Settings for the run are specified in a configuration file. Paste the following into a file named ~my-config.toml~:

+BEGIN_SRC toml

[xfuse] network_depth = 6 network_width = 16 min_counts = 50

[expansion_strategy] type = "DropAndSplit" [expansion_strategy.DropAndSplit] max_metagenes = 50

[optimization] batch_size = 3 epochs = 100000 learning_rate = 0.0003 patch_size = 768

[analyses] [analyses.metagenes] type = "metagenes" [analyses.metagenes.options] method = "pca"

[analyses.gene_maps] type = "gene_maps" [analyses.gene_maps.options] gene_regex = ".*"

[slides] [slides.section1] data = "section1/data.h5" [slides.section1.covariates] section = 1

[slides.section2] data = "section2/data.h5" [slides.section2.covariates] section = 2

[slides.section3] data = "section3/data.h5" [slides.section3.covariates] section = 3

[slides.section4] data = "section4/data.h5" [slides.section4.covariates] section = 4

+END_SRC

Here is a non-exhaustive summary of the available configuration options:

We are now ready to start the analysis!

+BEGIN_SRC sh

xfuse run my-config.toml --save-path my-run

+END_SRC

/Tip/: XFuse can generate a template for the configuration file by running

+BEGIN_SRC sh

xfuse init my-config.toml section1.h5 section2.h5 section3.h5 section4.h5

+END_SRC

** Tracking the training progress

XFuse continually writes training data to a [[https://github.com/tensorflow/tensorboard][Tensorboard]] log file.
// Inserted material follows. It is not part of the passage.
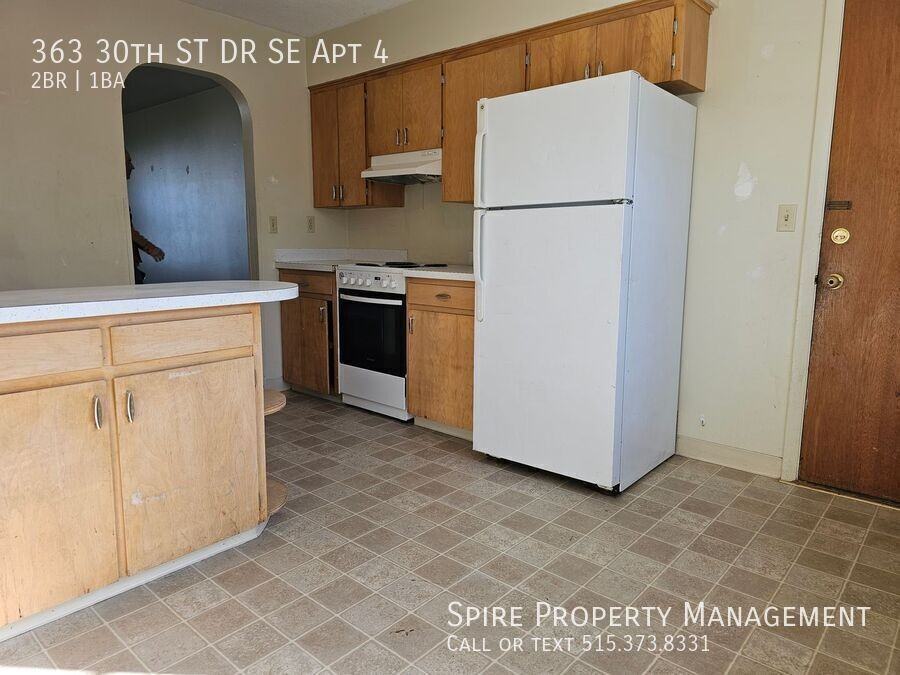 363 30th Street Dr Se Apt 4 - Photo 2 of 7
To check how the optimization is progressing, start a Tensorboard web server and direct it to the ~--save-path~ of the run:

+BEGIN_SRC sh

tensorboard --logdir my-run

+END_SRC

** Stopping and resuming a run

To stop the run before it has completed, press ~Ctrl+C~. A snapshot of the model state will be saved to the ~--save-path~. The snapshot can be restored by running

+BEGIN_SRC sh

xfuse run my-config.toml --save-path my-run --session my-run/exception.session

+END_SRC

** Finishing the run

Training the model from scratch will take roughly three days on a normal desktop computer with an Nvidia GeForce 20 series graphics card. After training, XFuse runs the analyses specified in the configuration file. Results will be saved to a directory named ~analyses~ in the ~--save-path~.